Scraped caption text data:

━━━━━━━━

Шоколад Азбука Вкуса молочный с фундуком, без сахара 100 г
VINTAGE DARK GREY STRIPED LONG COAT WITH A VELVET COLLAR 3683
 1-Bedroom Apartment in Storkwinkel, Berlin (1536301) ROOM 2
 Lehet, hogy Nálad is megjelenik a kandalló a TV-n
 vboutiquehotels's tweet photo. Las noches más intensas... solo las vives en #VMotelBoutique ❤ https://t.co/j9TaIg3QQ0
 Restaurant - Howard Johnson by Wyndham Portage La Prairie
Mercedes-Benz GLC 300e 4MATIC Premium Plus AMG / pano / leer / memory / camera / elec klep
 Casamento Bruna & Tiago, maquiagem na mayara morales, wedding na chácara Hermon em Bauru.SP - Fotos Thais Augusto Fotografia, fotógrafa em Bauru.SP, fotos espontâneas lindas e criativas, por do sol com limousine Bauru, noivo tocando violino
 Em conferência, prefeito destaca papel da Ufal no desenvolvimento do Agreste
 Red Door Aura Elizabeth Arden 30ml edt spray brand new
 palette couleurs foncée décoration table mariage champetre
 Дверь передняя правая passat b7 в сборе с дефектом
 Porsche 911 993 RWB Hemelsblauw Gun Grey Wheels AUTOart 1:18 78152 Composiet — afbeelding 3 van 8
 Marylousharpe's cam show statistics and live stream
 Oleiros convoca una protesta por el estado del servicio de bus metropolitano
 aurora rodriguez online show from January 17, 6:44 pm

━━━━━━━━

THE PROBLEM.
What lines in the entries above hold "show"? Copy every one.

OUTPUT.
 Marylousharpe's cam show statistics and live stream
 aurora rodriguez online show from January 17, 6:44 pm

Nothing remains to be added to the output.